Dans ce contexte, marqué également par une rude concurrence politique et diplomatique en Afrique et dans le monde entre le Polisario et le Maroc, ressurgit à nouveau le contentieux algéro-marocain avec son cortège de déclarations, de piques et de polémiques.
Les plus récentes ont concerné l’ouverture de bureaux consulaires de pays africains à Laâyoune dans les territoires sahraouis sous domination marocaine. S’élevant contre ces bureaux, l’Algérie, qui défend le droit à la décolonisation et à l’autodétermination en cohérence avec
les résolutions onusiennes, s’est vue critiquer par le Maroc qui l’a accusé par la voix de son ministre des Affaires étrangères Nacer Bourita de faire du Sahara occidental sa «première cause nationale». Pour répondre à cette accusation, le chef de la diplomatie algérienne Sabri Boukadoum a déclaré que l’Algérie s’attache à «ne pas jeter l’huile sur le feu, notamment lorsqu’il s’agit de ses rapports avec le Maroc, pays frère».
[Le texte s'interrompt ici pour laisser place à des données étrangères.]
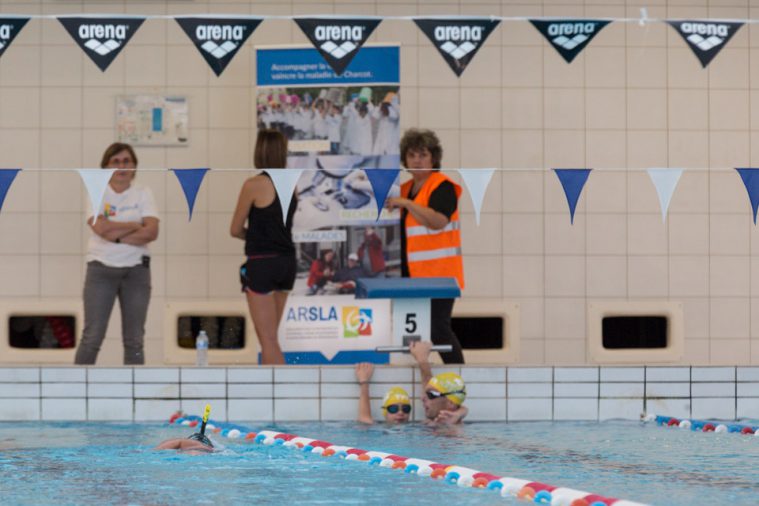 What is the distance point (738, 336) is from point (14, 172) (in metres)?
5.55

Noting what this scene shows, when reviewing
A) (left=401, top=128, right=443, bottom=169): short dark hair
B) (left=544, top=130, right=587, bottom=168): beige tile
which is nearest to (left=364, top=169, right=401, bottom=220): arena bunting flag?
(left=401, top=128, right=443, bottom=169): short dark hair

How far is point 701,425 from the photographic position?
688 centimetres

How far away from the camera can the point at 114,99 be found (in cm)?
969

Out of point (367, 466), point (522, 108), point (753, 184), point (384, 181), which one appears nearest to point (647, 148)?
point (522, 108)

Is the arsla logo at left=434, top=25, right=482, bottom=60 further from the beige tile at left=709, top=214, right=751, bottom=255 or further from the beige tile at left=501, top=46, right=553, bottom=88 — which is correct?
the beige tile at left=709, top=214, right=751, bottom=255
«Nous n’avons jamais tenu de propos inappropriés concernant le Maroc et le peuple marocain. Nous établissons nos relations sur l’avenir et non sur les insultes et le langage inconvenant», a affirmé M. Boukadoum. «Il existe des résolutions onusiennes claires et une loi internationale concernant la question du Sahara occidental, membre fondateur de l’Union africaine (UA). La position de l’Algérie est constante. Nous n’allons pas avoir des propos désobligeants à l’égard de nos frères marocains», a ajouté le chef de la diplomatie algérienne, ajoutant que les campagnes médiatiques menées contre l’Algérie «sont fomentées». Evoquant les pays ayant ouvert des consulats à Laayoune, il a fait savoir qu’il aurait aimé voir ces pays ouvrir des consulats dans la capitale marocaine, Rabat, au lieu de les ouvrir dans une région où «ils n’ont ni ressortissants ni intérêt».